Affected versions
DKP 2.3.0, 2.3.1
Problem
When there is a need for modifications with the Kommander install, editing the generated kommander.yaml
file and attempting a reinstall via ./dkp install
kommander --installer-config kommander.yaml --kubeconfig=${CLUSTER_NAME}.conf
will make dex-k8s-authenticator
and traefik-forward-auth-mgmt
pods crashloop.
This behavior can be observed with the outputs of kubectl get pods -A --kubeconfig=${CLUSTER_NAME}.conf
and kubectl get hr -n kommander --kubeconfig=${CLUSTER_NAME}.conf`.
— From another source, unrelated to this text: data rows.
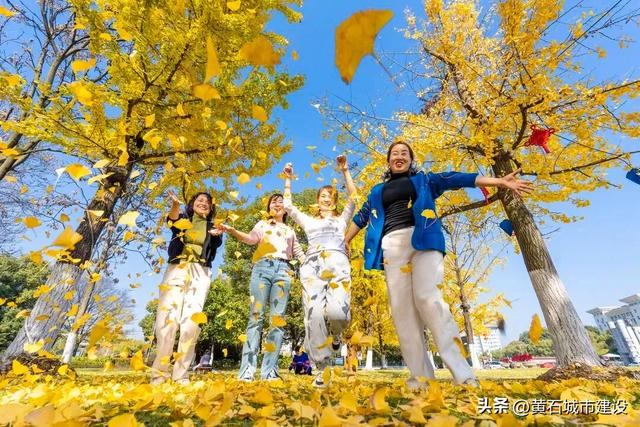 限时绝美!黄石街头颜值巅峰 周末来打卡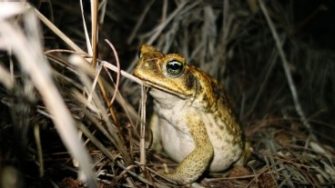 Cane toad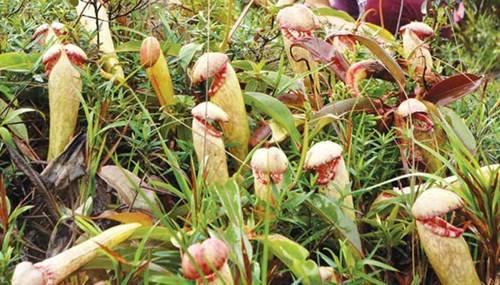 Cánh đồng cây nắp ấm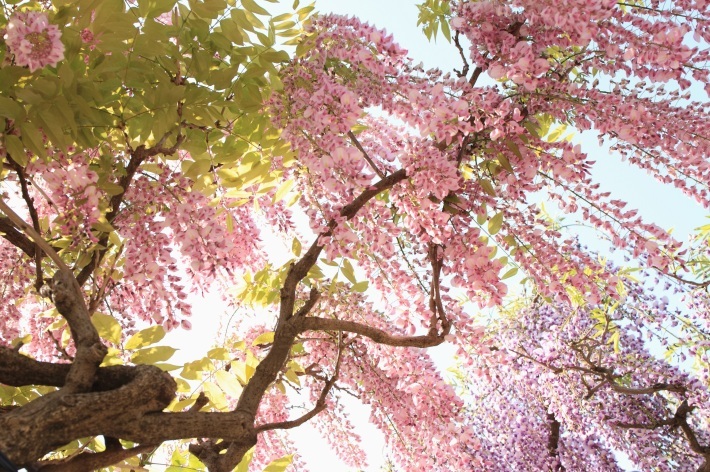 紫色 ピンク色の藤の花 心 色
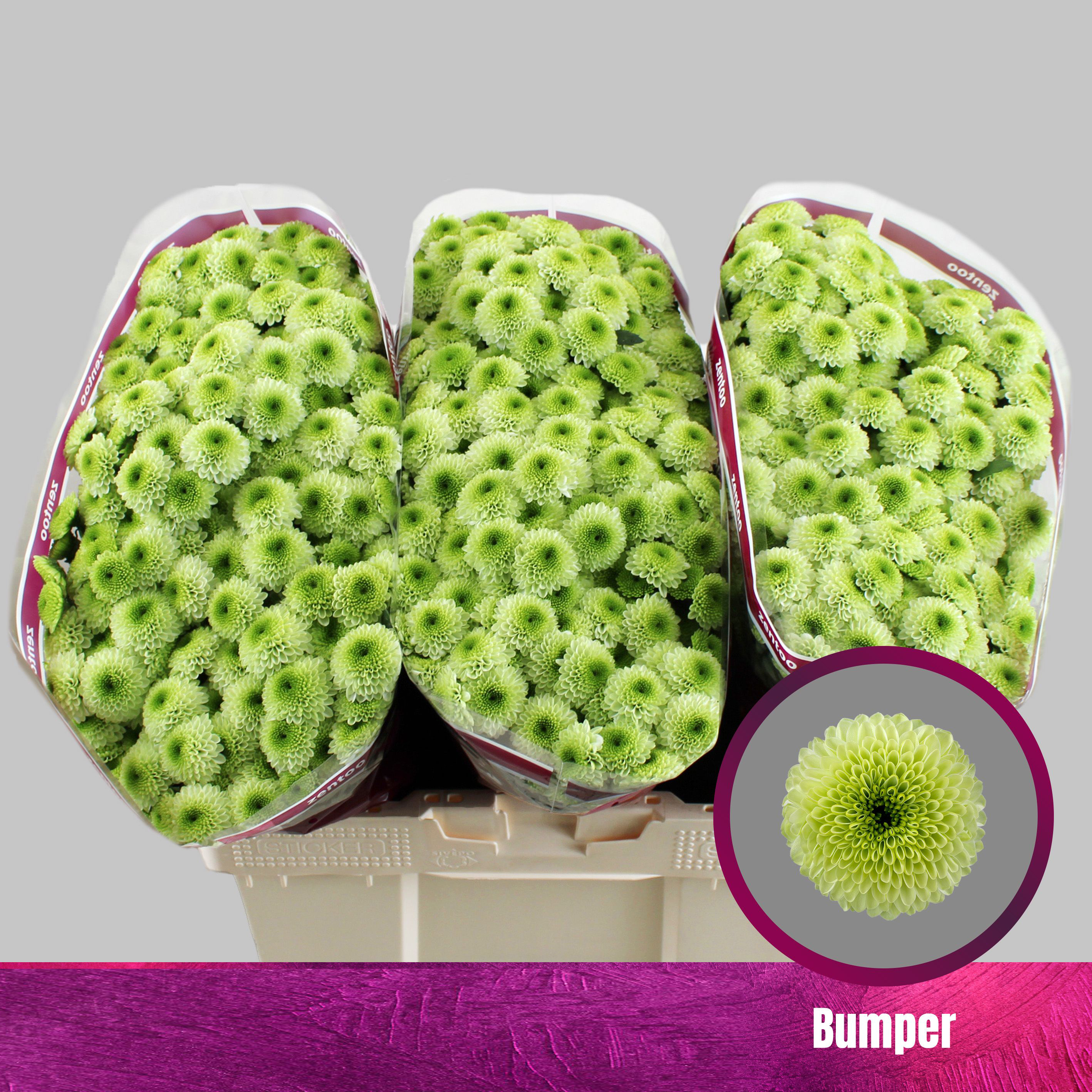 Crisantemo Verde Bumper
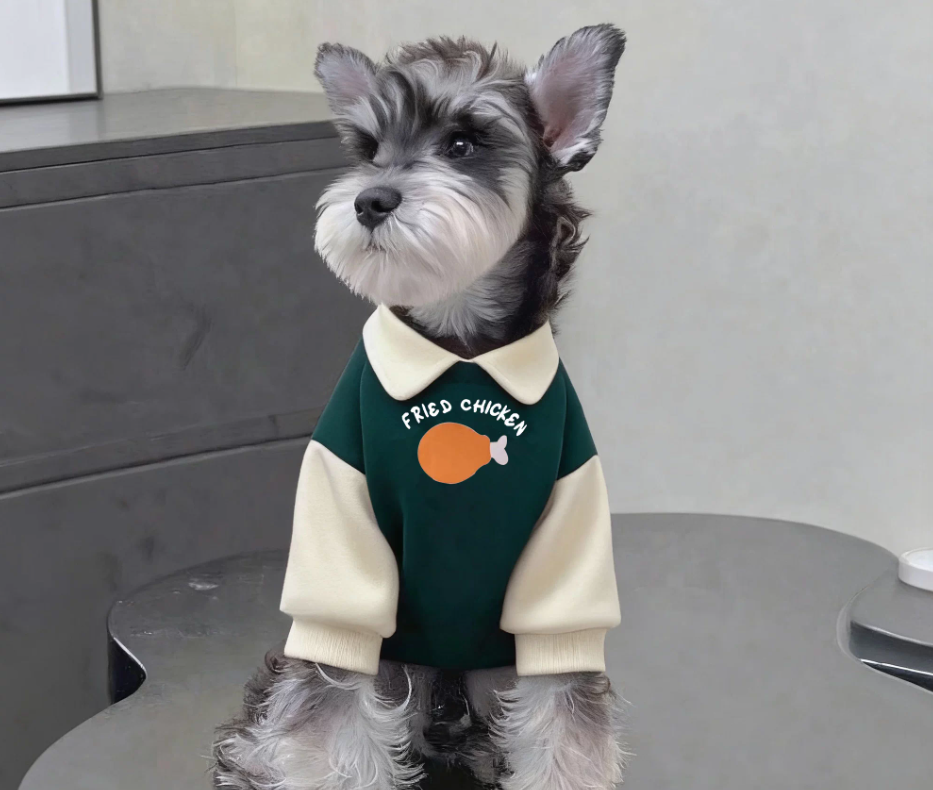 Herbst-/Winter-Sweatshirt mit Reverskragen und Farbblock-Design, gefüttert, für Katzen und Hunde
Investigating the dex-k8s-authenticator
pod would also show the following error:
kubectl logs -n kommander dex-k8s-authenticator-<hash> --kubeconfig=${CLUSTER_NAME}.conf
2022/09/30 15:41:43 Using config file: /app/configuration/config.yaml
2022/09/30 15:41:43 useClusterHostname: true
2022/09/30 15:41:43 Registered static assets handler at: /token/static/
2022/09/30 15:41:43 [GC: 0xc00052a7e0] starting garbage collector routine: interval: 60000000000
panic: runtime error: index out of range [0] with length 0
goroutine 1 [running]:
main.start_app(0xe5a960, 0x0, 0x0, 0xc000031080, 0x13, 0xc000032ba8, 0x6, 0x0, 0x0, 0x0, ...)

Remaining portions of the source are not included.